Goal of the exercise: Drop every image, then reproduce the data exactly as given.

-- Opening Marker --

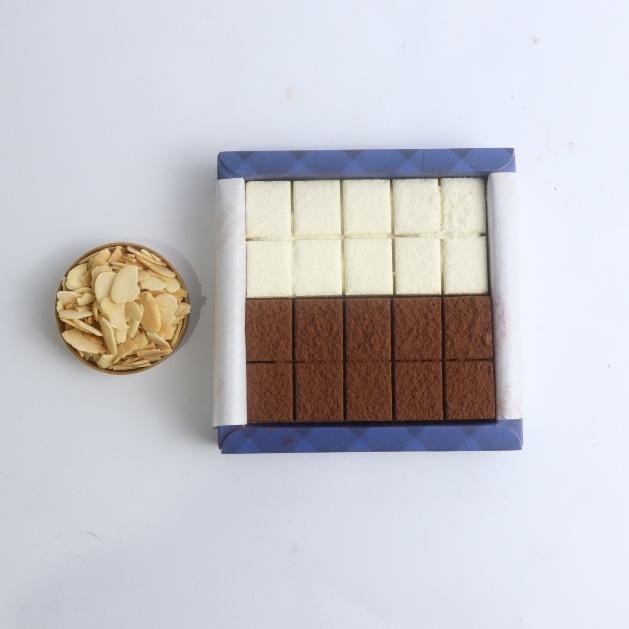 

XIUJANK NAMA CHOCOLATE MIX WHITE & KACANG ALMOND Nugi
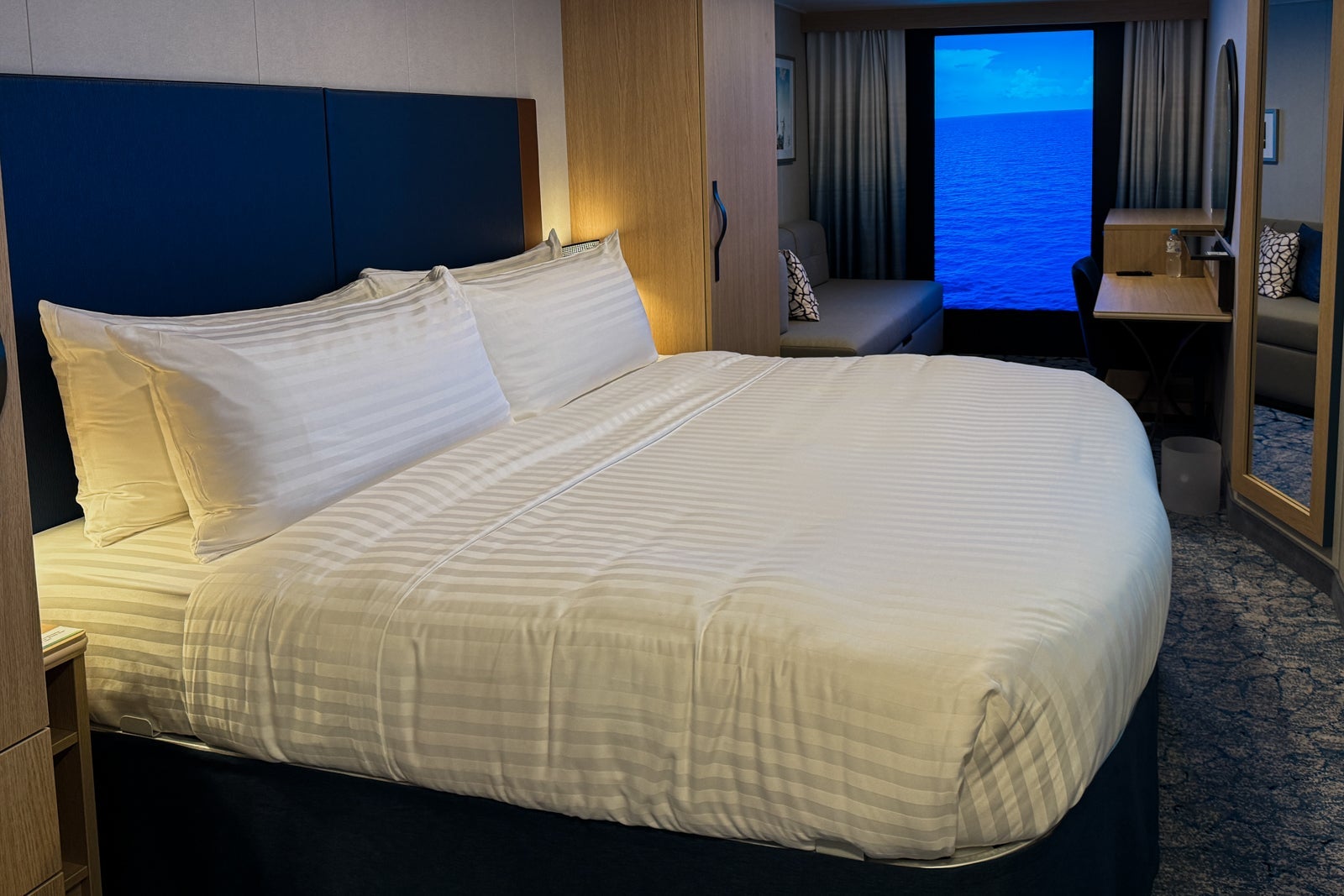 Utopia of the Seas virtual cabin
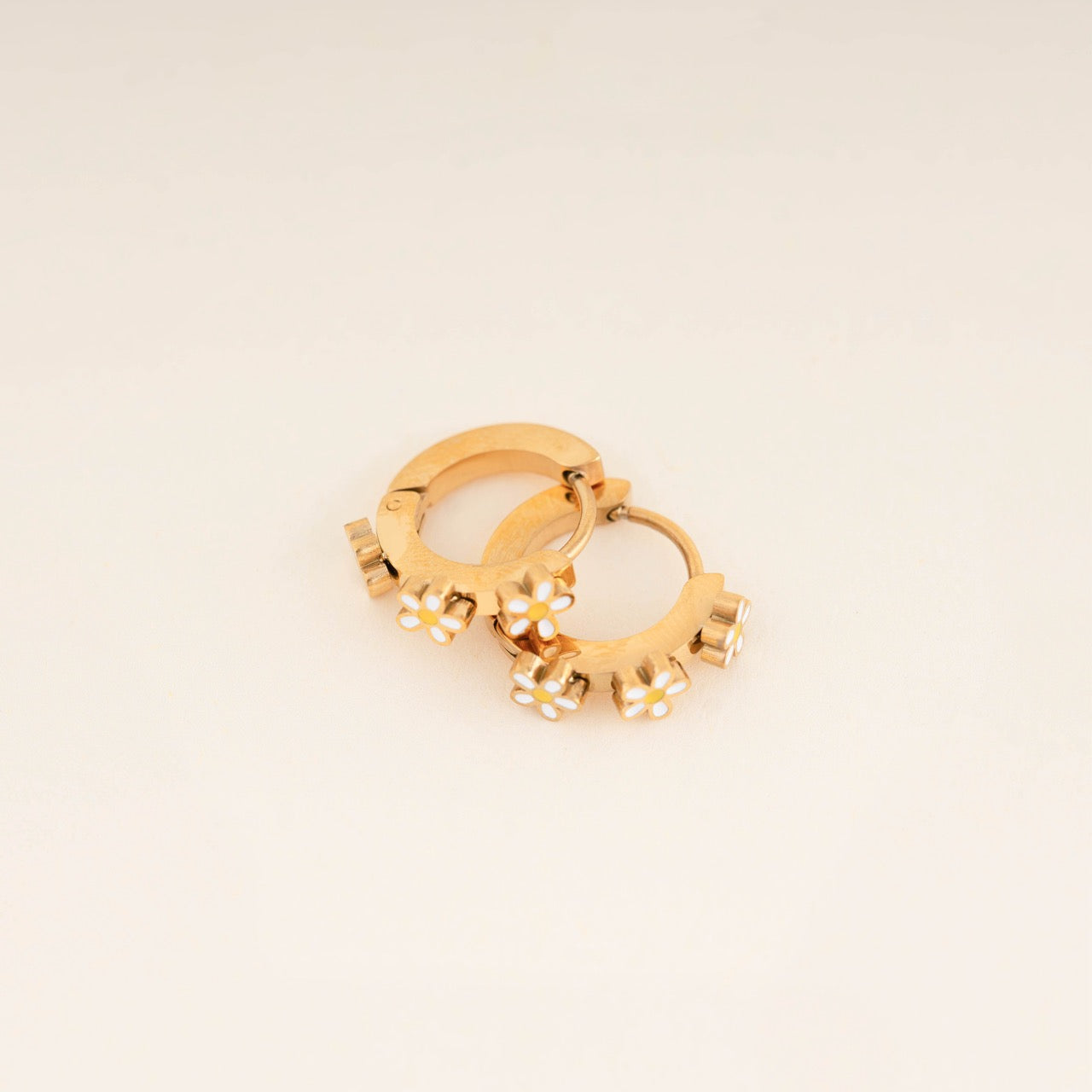 Daisy 3D Huggie Hoop Earrings
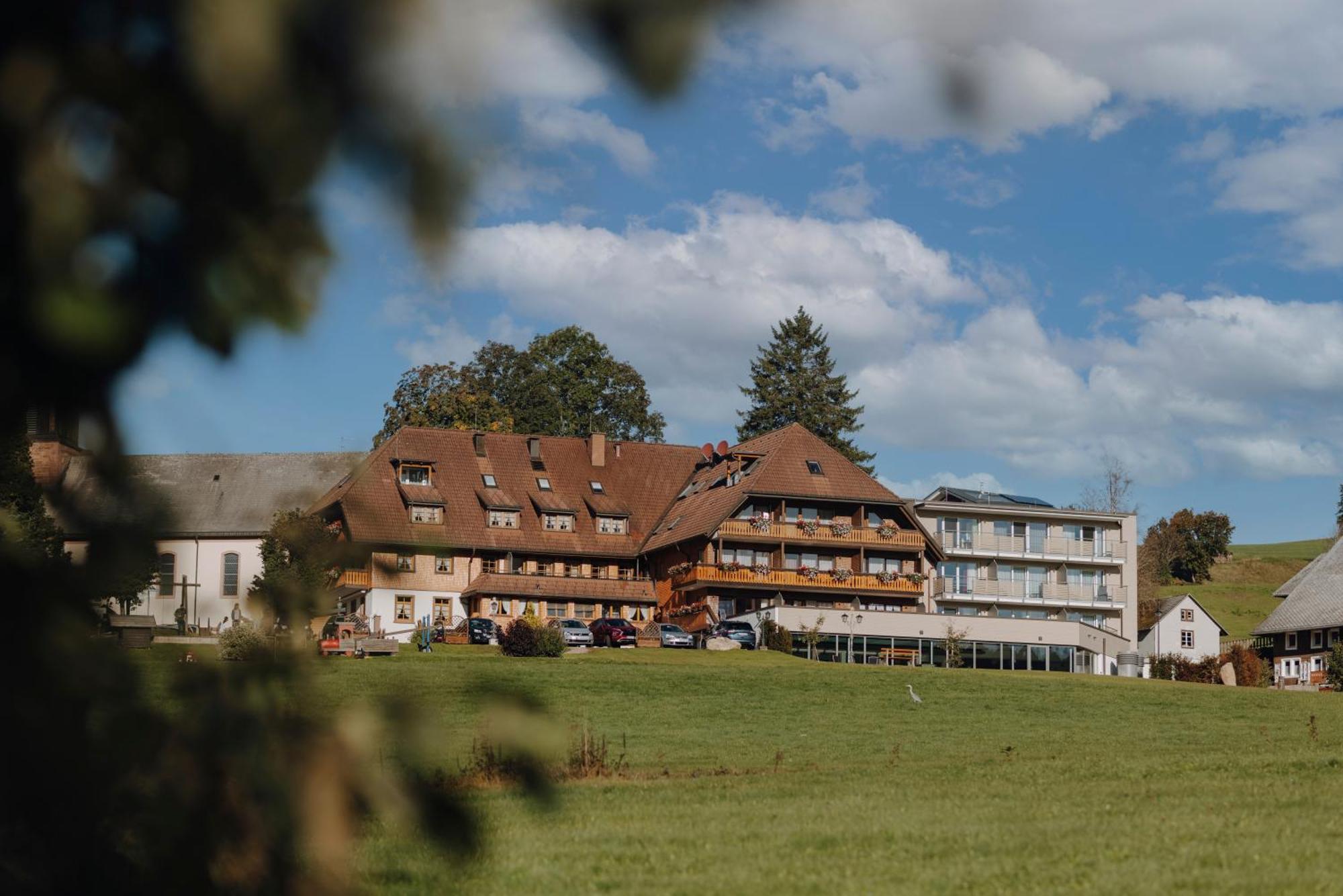 Hotel Sonne Post Mit Schwimmbad Titisee-Neustadt Zewnętrze zdjęcie
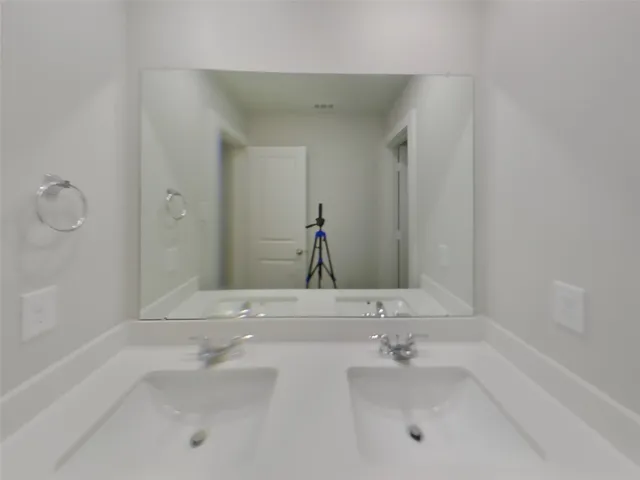 $2,609 | 9835 Willow Creek, Unit 520, Tomball, TX 77375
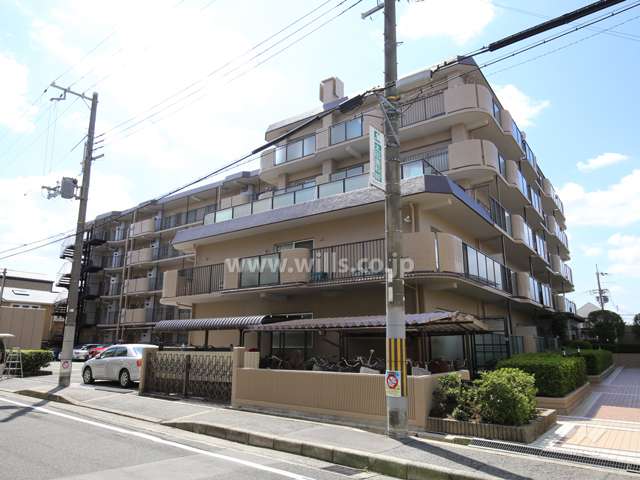 日商岩井北桜塚マンションの外観（北東側から）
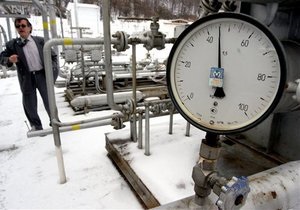 Уряд Азарова не зміг домовитися з Chevron і Shell у термін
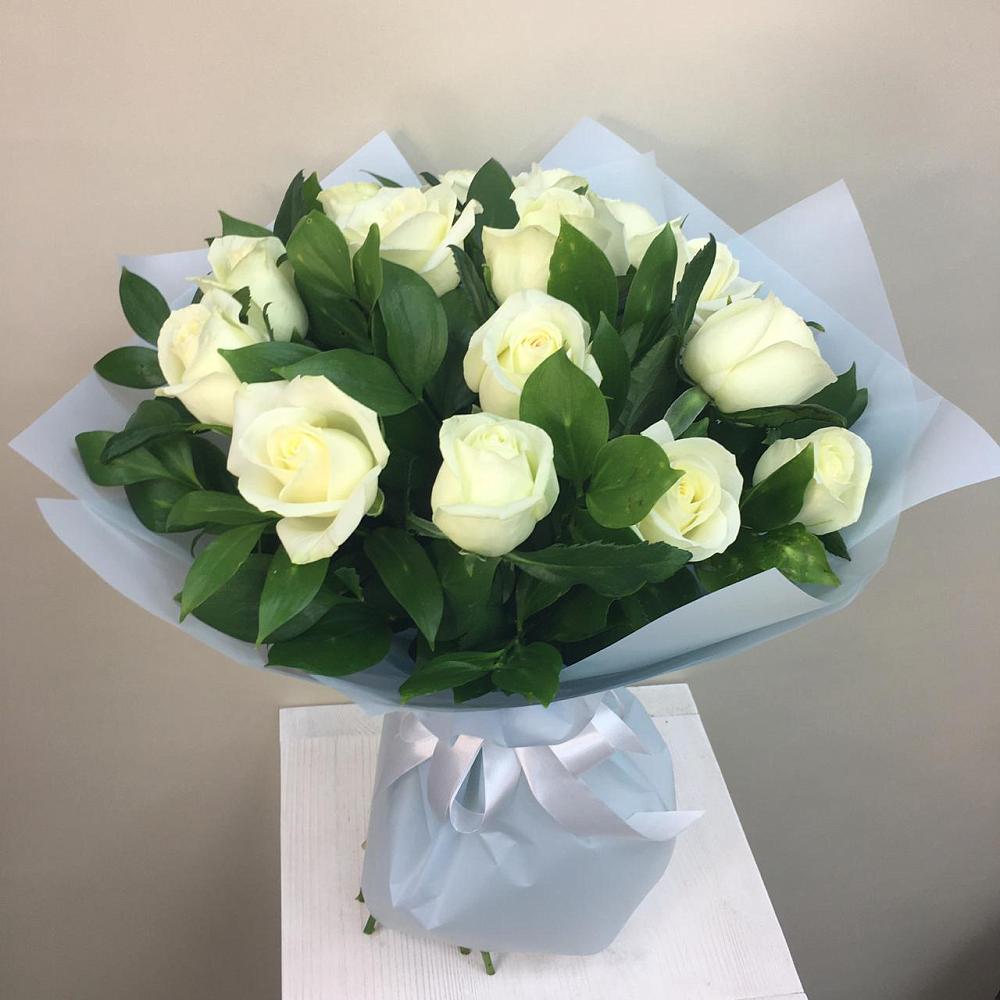 Букет 15 Белых роз Проуд в Багратионовске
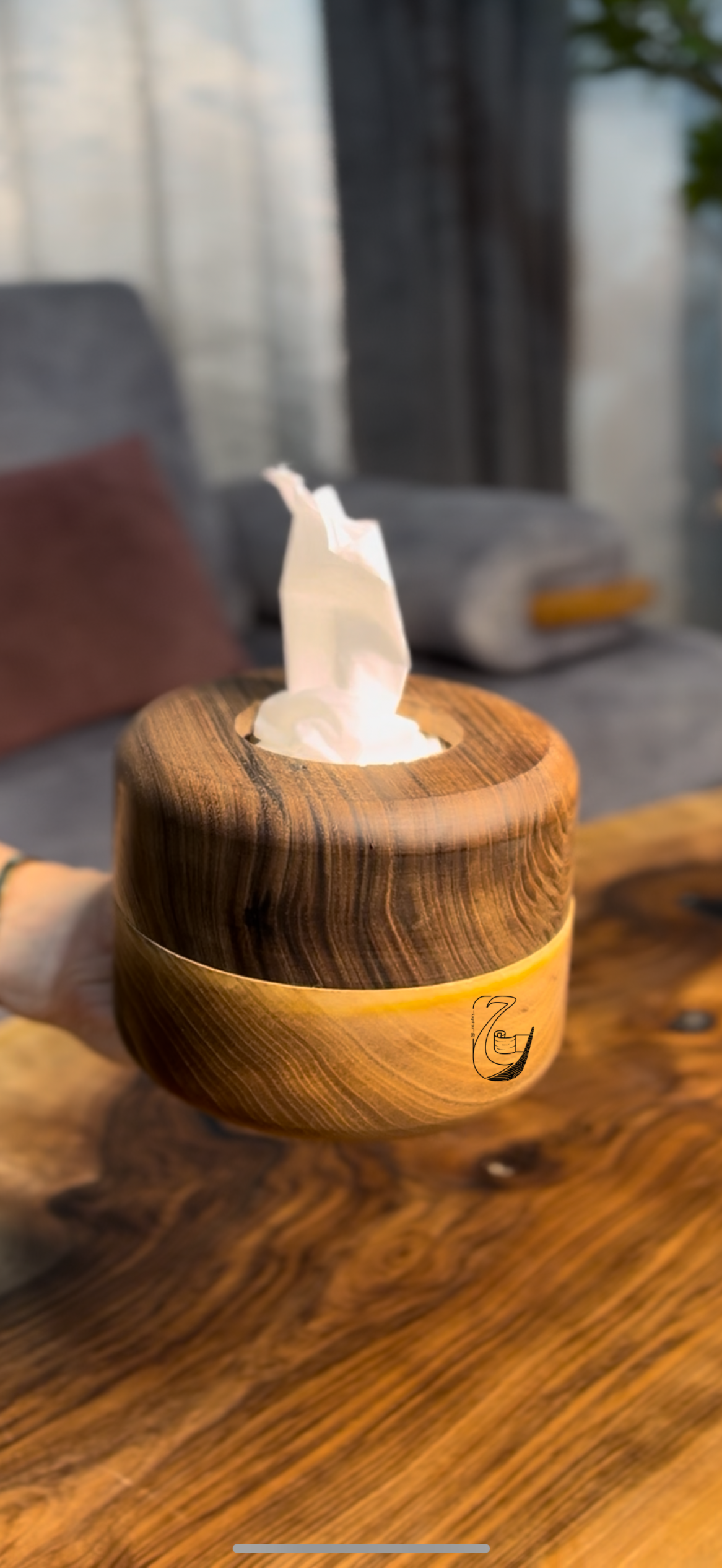 Round Magnetic Wooden Tissue Box (Single-piece Walnut Wood)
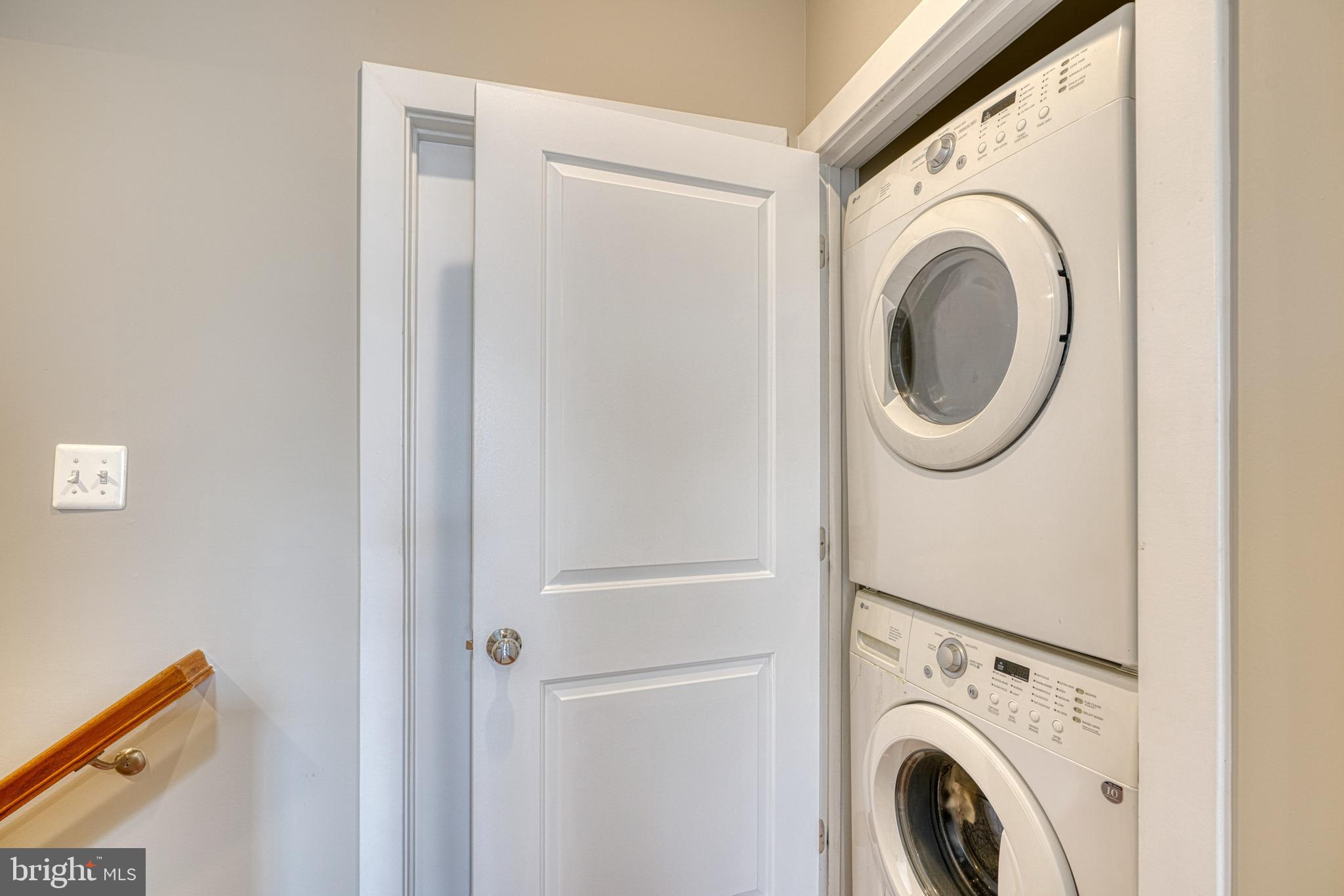 LOMBARD COURT - Residential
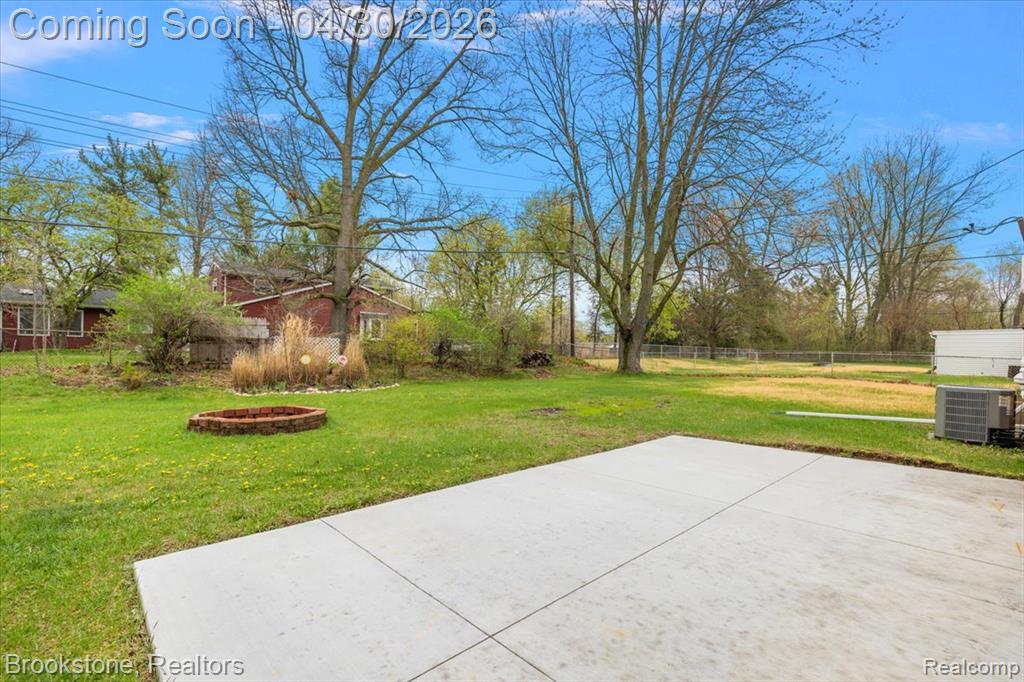 1759 Ashstan Drive, Walled Lake, MI 48390 — Photo 42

-- Closing Marker --

Solution for this task:
XIUJANK NAMA CHOCOLATE MIX WHITE & KACANG ALMOND Nugi
 Utopia of the Seas virtual cabin
 Daisy 3D Huggie Hoop Earrings
 Hotel Sonne Post Mit Schwimmbad Titisee-Neustadt Zewnętrze zdjęcie
 $2,609 | 9835 Willow Creek, Unit 520, Tomball, TX 77375
 日商岩井北桜塚マンションの外観（北東側から）
 Уряд Азарова не зміг домовитися з Chevron і Shell у термін
 Букет 15 Белых роз Проуд в Багратионовске
 Round Magnetic Wooden Tissue Box (Single-piece Walnut Wood)
 LOMBARD COURT - Residential
 1759 Ashstan Drive, Walled Lake, MI 48390 — Photo 42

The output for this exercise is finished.